You are viewing a plain text version of this content. The canonical link for it is here.
Posted to common-commits@hadoop.apache.org by sn...@apache.org on 2019/11/26 13:28:38 UTC

[hadoop] branch branch-3.1 updated: YARN-9011. Race condition during decommissioning. Contributed by Peter Bacsko

This is an automated email from the ASF dual-hosted git repository.
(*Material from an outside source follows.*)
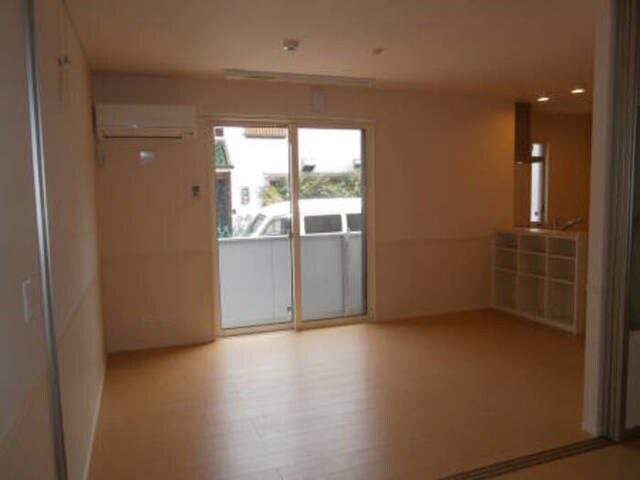 杭瀬駅 徒歩6分 1階の物件内観写真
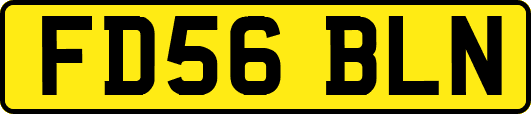 FD56BLN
snemeth pushed a commit to branch branch-3.1
in repository https://gitbox.apache.org/repos/asf/hadoop.git


The following commit(s) were added to refs/heads/branch-3.1 by this push:
     new 80a97e6  YARN-9011. Race condition during decommissioning. Contributed by Peter Bacsko
80a97e6 is described below

commit 80a97e6ac2b77f85f38fb0450fefa95ddc1c2051
Author: Szilard Nemeth <sn...@apache.org>
AuthorDate: Tue Nov 26 14:27:55 2019 +0100

    YARN-9011. Race condition during decommissioning. Contributed by Peter Bacsko
---
 .../org/apache/hadoop/util/HostsFileReader.java    | 35 ++++++++++++-
 .../apache/hadoop/util/TestHostsFileReader.java    | 61 +++++++++++++++++++++-
 .../server/resourcemanager/NodesListManager.java   | 43 ++++++++++++---
 .../resourcemanager/ResourceTrackerService.java    | 13 +++--
 4 files changed, 140 insertions(+), 12 deletions(-)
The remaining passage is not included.